Continuing Education Credits for Teachers (And Why They’re Good)
For a very long time, the way to start a career was to go to a four year institution (and perhaps grauduate school) to get a degree. With the schooling out of the way, you could start off on your career journey.
This isn’t necessarily the case anymore for most professions, including educators. Continuing education credits for teachers has become strongly encouraged (often mandatory) while progressing through a career, well after the original degree was obtained.
The Benefits of Teacher CEUs
While some teachers may find the continuing education requirements an annoyance, most welcome it. Consider that many people enter a profession because they have a passion for the industry.
Taking extra courses are a great way to further network and hone valuable skills. Sure, there may be some educators that go through the motions, so to speak. But I would contend this would be more of an exception than the norm.
While the benefit of CEUs for teachers is obvious from a career perspective, the students also benefit. If a teacher learns a new skill (for example, how to flip a classroom), then they will ultimately be impacted directly from these new skills.
Learning & Leveraging Today’s Technology
The courses available to our teachers today have a wide-range of topics. There are courses on how to deal with unruly parents, slow learners, mathematical skills, and everything in between.
What I find most exciting for teachers today is that they can learn about how to leverage the new technology available to them. The classroom is rapidly changing, as evident by the new mobile technology and applications we have today.
Tablets are common place. Classroom learning management systems are almost a necessity, especially when implementing a blended learning program. Teachers owe it to themselves and their classroom, to stay up-to-speed with the latest techniques.This of course doesn’t mean that all these strategies need to be used. Instead, the content should dictate the method of delivery.
Determining this criteria is what continuing education courses can convey. They help teachers be better educators; better at their craft. The teachers benefit from a career standpoint, while students benefit from an educational standpoint – it is a true win-win situation.
The Benefits of an Online Program
When it comes to enrolling into a CEU program, there are a variety of options available. Teachers are notoriously busy people, so taking time on the weekend to attend courses isn’t always the best, or most attractive, option.
This is where online courses come into play. There are many reputable organizations out there today that offer these CEUs via elearning. The major benefit here is that the course content can be taken at the leisure of the student – conveniently fitting into even the most busy of schedules.
Another great benefit is that online training allows for teachers to attend these courses from the institution of their choice, and they are not confined to what is around their geographic area. Also, there is no need to spend thousands of dollars on a plane ticket or hotel. As with anything though, there are downsides despite the benefits.

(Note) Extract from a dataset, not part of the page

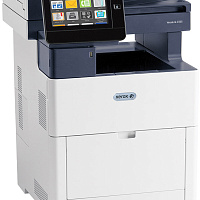 Ремонт МФУ XEROX VersaLink C505X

One of the most glaring downsides with any elearning program is that it lacks the live interaction between instructors, classmates, and the content. Online courses attempt to get around this by implementing forums, but forums are only as good as the forum participants (and moderator). It is hard to simulate live group interaction in a strictly virtual environment.
Variety is Key
Rarely is one method the most effective. For optimal exposure to new ideas, methodologies, networking opportunities, and the like, teachers (or any professional for that matter) should seek career CEUs in a variety of venues.
These can take the form of online courses, live seminars, in-person courses, and attending conferences. Each one of these methods has its own value. When assessing the proper method though, you need to consider what environment fits best your current lifestyle and learning method.
If you choose a live course, then you need to ensure that you have the time to attend these events – otherwise it will be a waste of both time and money.
Where to Find Relevant CEU Programs
If you are a teacher looking for a course to supplement your career, a simple Google search will yield thousands of results of potential providers.
When evaluating the options, it is best to mark down desired skills or tech tools you would like to learn and then see if the provider is experienced in those areas. Many national organizations have local chapters, so that is a great place to start as well.
You can go to the organizations main website and search for additional branches, or you can do a more general search by going to the search engine of your choice and searching for something like, “continuing education for teachers +Detroit” (or wherever you are from).
One of the best resources you will find is with your employer. Many school districts have a list of accredited agencies that can offer these kinds of programs. What’s great about this list is that there will likely be some local institutions already listed.
Always Challenge Yourself
No matter what your profession, it is always important to challenge ourselves to continue learning. Hardly any industry today looks the same as it did 20 years ago (heck, even many of which look different than just five years ago)! Staying up to speed on the latest trends, further our education through seminars, workshops, online courses, and the like will yield benefit both professionally and personally.
In regards to the educational profession, staying stagnant hurts more than your career, it potentially limits the learner. The great thing is that if any of these courses (either online or in person) requires a payment, the this payment is often tax deductible since it is for enhancing your career. If you have any questions about the specifics, you can talk to the institution offering the program, or a certified tax accountant.
Always remember that it never too late to get involved in some sort of training program. Do the research, ask colleagues, and take the first step towards enhancing your skills. You will never regret making an investment in yourself.